The Java developers' guide to asynchronous programming

Conference

Blocking/synchronous programming has been the norm in Java. However this programming model has a major limitation: it requires one thread per concurrent request. This means that the number of requests you can process concurrently cannot exceed the number of threads, which limits scaling. This talk will explore how an asynchronous programming model can be used to avoid this limitation.

After an introduction to asynchronous design, there will be a live coding session where we will build an example service that makes concurrent calls.
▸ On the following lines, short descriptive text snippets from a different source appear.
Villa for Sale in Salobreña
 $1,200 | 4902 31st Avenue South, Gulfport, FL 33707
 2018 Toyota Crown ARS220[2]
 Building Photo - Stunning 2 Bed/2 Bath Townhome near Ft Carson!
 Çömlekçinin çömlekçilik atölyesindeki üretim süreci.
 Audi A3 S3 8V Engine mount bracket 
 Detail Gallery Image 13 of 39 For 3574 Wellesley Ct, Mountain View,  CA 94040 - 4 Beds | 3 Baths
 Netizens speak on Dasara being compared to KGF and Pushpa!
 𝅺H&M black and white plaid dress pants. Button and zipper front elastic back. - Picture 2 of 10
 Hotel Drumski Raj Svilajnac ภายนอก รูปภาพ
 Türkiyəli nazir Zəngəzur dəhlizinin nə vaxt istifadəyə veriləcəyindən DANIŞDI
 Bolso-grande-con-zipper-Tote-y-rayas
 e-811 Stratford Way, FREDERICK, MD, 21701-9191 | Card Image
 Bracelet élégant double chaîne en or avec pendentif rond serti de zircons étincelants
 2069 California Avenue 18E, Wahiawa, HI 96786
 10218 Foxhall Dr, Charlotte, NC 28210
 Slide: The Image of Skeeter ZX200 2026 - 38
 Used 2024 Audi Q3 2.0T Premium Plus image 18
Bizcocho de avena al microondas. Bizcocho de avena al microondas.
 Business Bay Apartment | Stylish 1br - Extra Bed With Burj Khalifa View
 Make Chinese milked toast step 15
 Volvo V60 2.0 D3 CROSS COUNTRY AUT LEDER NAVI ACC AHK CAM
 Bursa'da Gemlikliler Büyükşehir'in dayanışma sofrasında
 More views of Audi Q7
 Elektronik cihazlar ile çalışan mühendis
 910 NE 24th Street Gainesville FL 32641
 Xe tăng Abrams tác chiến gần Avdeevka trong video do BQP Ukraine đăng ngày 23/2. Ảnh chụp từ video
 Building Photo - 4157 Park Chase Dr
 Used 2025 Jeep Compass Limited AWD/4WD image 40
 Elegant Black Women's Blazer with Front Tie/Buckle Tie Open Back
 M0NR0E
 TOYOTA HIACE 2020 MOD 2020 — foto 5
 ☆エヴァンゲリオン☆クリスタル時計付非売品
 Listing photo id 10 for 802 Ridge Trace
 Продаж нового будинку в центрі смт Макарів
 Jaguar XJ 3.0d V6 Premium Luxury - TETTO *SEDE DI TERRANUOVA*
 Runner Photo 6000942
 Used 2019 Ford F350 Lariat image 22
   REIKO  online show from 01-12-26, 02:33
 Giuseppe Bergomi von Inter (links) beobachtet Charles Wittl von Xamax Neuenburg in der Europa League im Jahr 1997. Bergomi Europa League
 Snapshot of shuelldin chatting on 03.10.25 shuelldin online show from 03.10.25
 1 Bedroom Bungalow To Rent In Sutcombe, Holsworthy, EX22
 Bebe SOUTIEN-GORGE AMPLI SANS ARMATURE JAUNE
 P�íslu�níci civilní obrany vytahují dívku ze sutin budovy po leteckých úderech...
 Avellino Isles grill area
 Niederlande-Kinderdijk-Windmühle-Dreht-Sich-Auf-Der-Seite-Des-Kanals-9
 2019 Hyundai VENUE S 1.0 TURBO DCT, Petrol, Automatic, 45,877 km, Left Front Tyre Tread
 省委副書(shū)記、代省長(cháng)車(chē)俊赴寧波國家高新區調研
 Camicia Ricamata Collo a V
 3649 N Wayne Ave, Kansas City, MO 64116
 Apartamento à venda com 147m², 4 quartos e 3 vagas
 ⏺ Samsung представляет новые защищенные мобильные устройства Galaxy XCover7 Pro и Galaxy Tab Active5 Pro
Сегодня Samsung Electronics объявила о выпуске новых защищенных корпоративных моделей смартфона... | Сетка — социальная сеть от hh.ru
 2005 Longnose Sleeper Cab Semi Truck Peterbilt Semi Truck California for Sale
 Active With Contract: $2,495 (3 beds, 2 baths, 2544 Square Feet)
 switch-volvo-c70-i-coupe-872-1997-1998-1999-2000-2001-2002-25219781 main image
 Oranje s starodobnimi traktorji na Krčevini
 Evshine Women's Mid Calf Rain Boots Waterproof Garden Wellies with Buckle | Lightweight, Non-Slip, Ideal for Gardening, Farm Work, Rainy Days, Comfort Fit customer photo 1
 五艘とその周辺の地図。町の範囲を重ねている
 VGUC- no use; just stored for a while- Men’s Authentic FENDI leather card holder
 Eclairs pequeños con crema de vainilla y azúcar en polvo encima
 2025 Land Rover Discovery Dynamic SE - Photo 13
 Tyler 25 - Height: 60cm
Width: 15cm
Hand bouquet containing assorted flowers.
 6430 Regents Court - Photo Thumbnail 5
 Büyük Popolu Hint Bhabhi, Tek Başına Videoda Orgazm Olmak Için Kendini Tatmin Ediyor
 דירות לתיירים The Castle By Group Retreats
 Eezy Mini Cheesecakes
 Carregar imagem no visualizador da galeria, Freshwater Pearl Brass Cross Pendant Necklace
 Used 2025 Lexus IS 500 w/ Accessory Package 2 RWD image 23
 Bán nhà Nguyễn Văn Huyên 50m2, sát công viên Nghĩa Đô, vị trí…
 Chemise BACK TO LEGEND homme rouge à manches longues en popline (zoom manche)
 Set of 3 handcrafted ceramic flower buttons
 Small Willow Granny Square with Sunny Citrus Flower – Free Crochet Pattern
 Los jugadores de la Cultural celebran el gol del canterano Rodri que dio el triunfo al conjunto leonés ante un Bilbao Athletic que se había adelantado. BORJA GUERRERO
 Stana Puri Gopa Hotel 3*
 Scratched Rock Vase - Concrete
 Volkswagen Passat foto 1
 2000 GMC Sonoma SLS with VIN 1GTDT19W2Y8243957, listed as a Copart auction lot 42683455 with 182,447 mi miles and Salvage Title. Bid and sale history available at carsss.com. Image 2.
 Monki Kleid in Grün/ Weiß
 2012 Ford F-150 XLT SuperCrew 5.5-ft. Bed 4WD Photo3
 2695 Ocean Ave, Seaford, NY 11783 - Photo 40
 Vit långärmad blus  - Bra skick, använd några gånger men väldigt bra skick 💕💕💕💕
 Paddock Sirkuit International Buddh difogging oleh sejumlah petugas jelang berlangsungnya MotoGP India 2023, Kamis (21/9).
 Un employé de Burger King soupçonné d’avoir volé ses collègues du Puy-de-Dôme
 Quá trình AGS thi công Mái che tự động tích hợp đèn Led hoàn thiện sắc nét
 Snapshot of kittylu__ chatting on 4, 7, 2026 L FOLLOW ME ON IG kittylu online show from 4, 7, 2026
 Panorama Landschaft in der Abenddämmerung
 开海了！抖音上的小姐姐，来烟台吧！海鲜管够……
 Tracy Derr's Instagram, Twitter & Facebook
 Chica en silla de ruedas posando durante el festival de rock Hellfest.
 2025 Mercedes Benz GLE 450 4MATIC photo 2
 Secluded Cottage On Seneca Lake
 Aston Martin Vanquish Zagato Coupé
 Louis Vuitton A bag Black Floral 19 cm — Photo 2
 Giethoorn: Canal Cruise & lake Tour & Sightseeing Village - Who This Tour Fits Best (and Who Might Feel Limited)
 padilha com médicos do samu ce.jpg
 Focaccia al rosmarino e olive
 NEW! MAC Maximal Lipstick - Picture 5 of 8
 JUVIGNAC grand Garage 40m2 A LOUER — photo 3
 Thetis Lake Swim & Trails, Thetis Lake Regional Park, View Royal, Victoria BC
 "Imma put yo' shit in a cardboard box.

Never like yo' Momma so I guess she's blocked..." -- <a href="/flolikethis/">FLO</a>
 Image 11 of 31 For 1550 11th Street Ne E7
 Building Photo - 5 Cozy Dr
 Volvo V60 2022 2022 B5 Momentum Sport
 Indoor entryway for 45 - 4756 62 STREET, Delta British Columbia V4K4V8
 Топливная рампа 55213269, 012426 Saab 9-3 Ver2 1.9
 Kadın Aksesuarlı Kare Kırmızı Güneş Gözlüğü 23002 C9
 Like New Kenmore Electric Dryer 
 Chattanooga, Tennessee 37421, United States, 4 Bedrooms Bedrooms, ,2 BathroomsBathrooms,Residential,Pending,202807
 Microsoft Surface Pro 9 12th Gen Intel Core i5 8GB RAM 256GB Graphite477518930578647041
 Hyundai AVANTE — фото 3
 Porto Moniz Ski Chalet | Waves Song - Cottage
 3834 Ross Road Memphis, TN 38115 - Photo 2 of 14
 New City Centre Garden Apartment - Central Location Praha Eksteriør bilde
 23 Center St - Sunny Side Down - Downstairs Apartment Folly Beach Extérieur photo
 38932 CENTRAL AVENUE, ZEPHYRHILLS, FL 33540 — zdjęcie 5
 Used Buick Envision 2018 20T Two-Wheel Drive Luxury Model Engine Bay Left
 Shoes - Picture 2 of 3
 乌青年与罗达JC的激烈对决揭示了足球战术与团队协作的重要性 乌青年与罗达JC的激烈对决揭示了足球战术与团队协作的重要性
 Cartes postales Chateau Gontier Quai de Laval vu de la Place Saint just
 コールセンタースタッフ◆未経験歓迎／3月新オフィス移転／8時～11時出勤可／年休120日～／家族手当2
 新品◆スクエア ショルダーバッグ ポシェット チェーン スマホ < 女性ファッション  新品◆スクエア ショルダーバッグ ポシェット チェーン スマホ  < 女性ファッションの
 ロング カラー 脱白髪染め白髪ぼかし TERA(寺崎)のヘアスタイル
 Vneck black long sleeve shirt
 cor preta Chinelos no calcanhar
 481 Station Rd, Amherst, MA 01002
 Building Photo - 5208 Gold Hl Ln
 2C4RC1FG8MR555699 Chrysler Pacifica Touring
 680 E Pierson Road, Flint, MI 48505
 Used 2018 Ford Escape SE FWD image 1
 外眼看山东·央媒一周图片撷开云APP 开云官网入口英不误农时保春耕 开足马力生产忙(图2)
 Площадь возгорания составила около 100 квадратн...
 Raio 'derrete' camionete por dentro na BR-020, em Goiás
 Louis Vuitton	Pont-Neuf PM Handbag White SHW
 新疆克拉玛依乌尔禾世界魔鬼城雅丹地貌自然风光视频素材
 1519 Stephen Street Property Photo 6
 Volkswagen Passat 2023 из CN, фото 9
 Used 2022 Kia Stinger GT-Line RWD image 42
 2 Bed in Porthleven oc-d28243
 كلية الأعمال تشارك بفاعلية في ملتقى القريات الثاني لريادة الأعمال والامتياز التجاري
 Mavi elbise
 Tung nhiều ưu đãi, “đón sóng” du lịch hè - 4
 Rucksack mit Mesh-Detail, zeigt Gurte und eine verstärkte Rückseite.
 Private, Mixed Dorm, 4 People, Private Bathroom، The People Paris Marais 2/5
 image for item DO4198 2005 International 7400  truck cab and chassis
We will cover the following tools:

  • The Java Future
  • New in Java 8: The CompletableFuture
  • RxJava Observables
  • The async Servlet, Spring and JAX-RS APIs
  • The Ratpack Promise

The see the following patterns:

  • Merging multiple calls into a single result
  • Returning a result when a subset of multiple calls return without blocking waiting for the rest (e.g. saving an audit log without blocking the user request)
  • Executing multiple calls and creating a result from the one that returns first

By the end of the session you should be aware of the popular tools you have for non-blocking programming in Java and when and why you should use them.